What do new flexible working laws mean for business
After the Flexible Working Bill passed through the final stages of the House of Lords, an employee engagement expert has called on employers to embrace better flexible working practices.
Ifty Nasir, founder and CEO of equity management platform Vestd, explained that the new law would provide huge benefits for both employees and employers.
He said: “Research continues to show that flexible working leads to increased productivity and employee happiness, and flexibility around working days and hours is becoming an increasingly important consideration for job hunters.
“Businesses of all sizes and across all sectors are facing a battle to retain and attract the best people so, while this legislation is designed with employees in mind, employers that are able to accommodate their workers’ flexible working requests are likely to see huge advantages.
“Vestd’s own research shows there is a huge disparity between sectors that are offering remote working, as one example of flexible working, and those that aren’t. But introducing this type of role could open up a wealth of talent to your business.
“Older workers, for example, might prefer a part-time role or reduced hours, whereas those with childcare considerations or additional medical needs would benefit from the option to work from home.”
What is the Flexible Working Bill?
On Monday 16 July, the Employment Relations (Flexible Working) Bill, progressed through its third reading in the House of Lords, meaning it now only requires royal assent before becoming law.
The new plans, first introduced by Yasmin Qureshi MP, mean that employees will be able to request changes to where, when and how they work from day one of their employment. For example, workers who start a new job will be able to request for an amendment to their working hours, location or times straightaway, rather than waiting six months to submit a request.
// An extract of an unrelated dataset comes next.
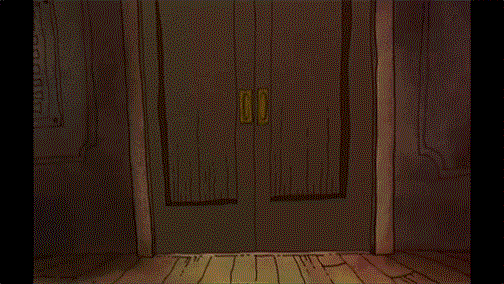 lets get out of here, the pigs are coming!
Managers will also be required to consult with employees before rejecting flexible working requests and formally discuss alternative options, as well as responding to requests in two months.
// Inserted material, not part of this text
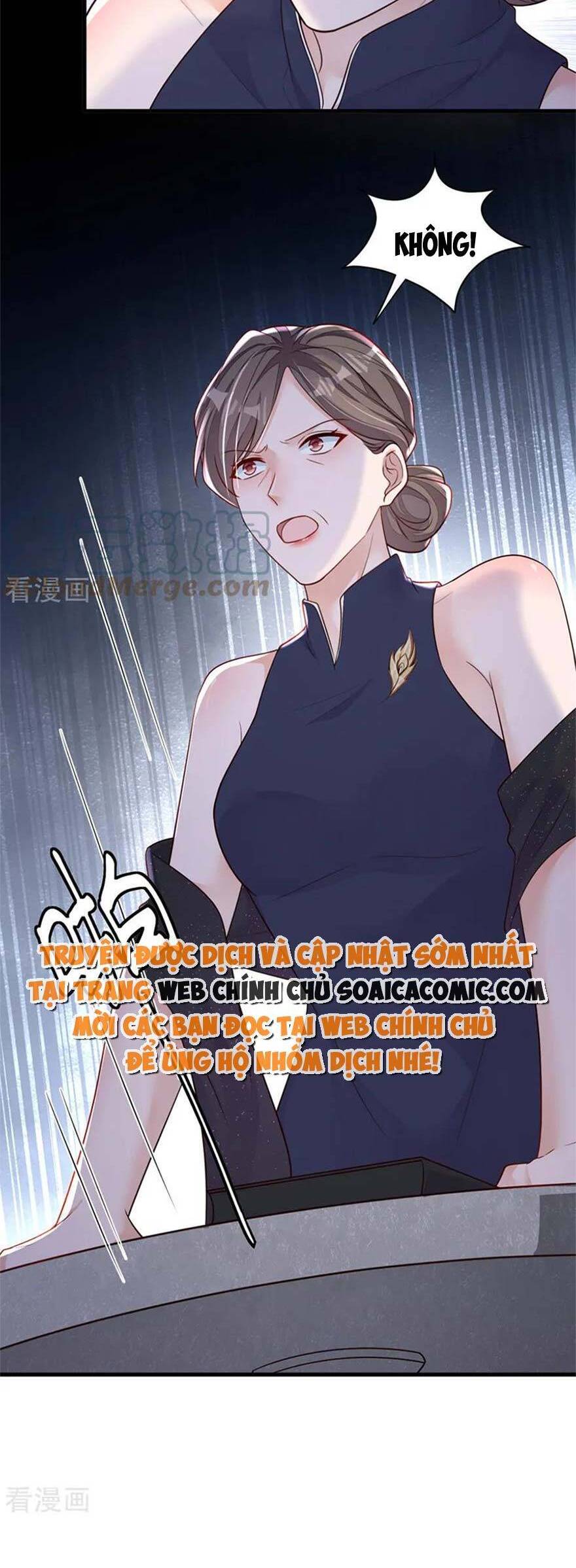 Ác Ma Thì Thầm Chapter 133 - Next Chapter 134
What do employers need to consider when discussing flexible working?
Once you have made the decision to introduce flexible working, there are some key considerations for employers. Ifty has provided his key advice to make flexible working a success:
Clear processes and guidelines
“A successful company culture is based on trust and the same goes for flexible working. Staff need to know the policy is being applied consistently and fairly, and managers need to trust that their teams are continuing to meet their objectives.
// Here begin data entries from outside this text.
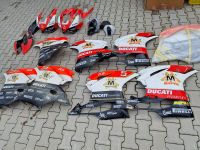 Ducati panigale 1199 1299 rennverkleidungen Verkleidungsteile Nordrhein-Westfalen - Dahlem Vorschau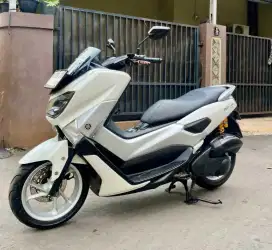 Yamaha NMAX Non ABS 155 VVA Thn. 2019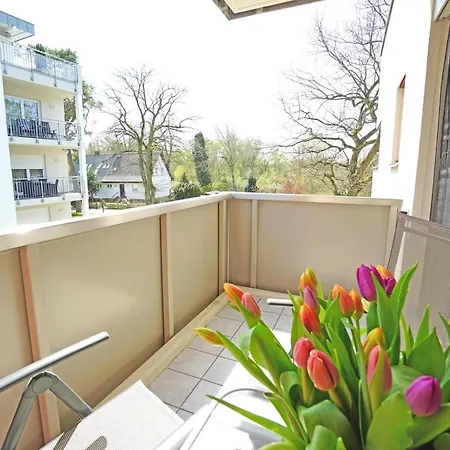 Marlen - Whg 6 - Direkt Am Apartman *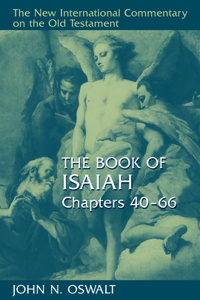 Book of Isaiah, Chapters 40-66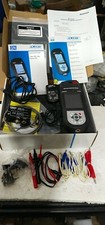 Honeywell MCT202 Smart Hart Field Communicator Meter Control PLC Transmitter  
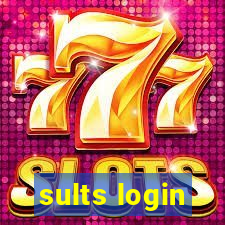 sults login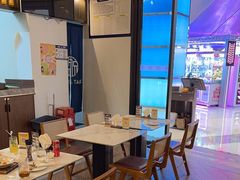 -盐说·西式餐酒馆(光明万达店)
“Setting out a clear company-wide policy will ensure everyone is working from the same page and can set out any rules. This could include core office hours for the whole team to catch up or how teams will report on progress.”
Create consistent communication
“If your team is used to being in the office full time, a more flexible approach will have a significant approach on how you communicate. This doesn’t mean your company’s culture will see a similar shift, but it’s important to focus on how you plan to keep communication consistent across the board.
“There are a range of tools you can use. At Vestd we are fully-remote and love Slack, but try to provide your team with a rough framework of when and how to get in touch with people most effectively. Our teams regularly schedule one-on-ones and our bi-annual company-wide retreats are a great opportunity to regroup as a team.”
Flexible working is no longer a perk
“There has been a lot of discussion about the so-called ‘perk-cession’ in the media, as employers look to shed traditional office-based perks and benefits, while employees demand more meaningful returns for their hard-work.
“At Vestd we’re big believers in the ‘ownership effect’ which shows that staff are more likely to be more productive if they have a slice of the action and we see first-hand the impact that sharing equity with teams can have on company culture and employee happiness.”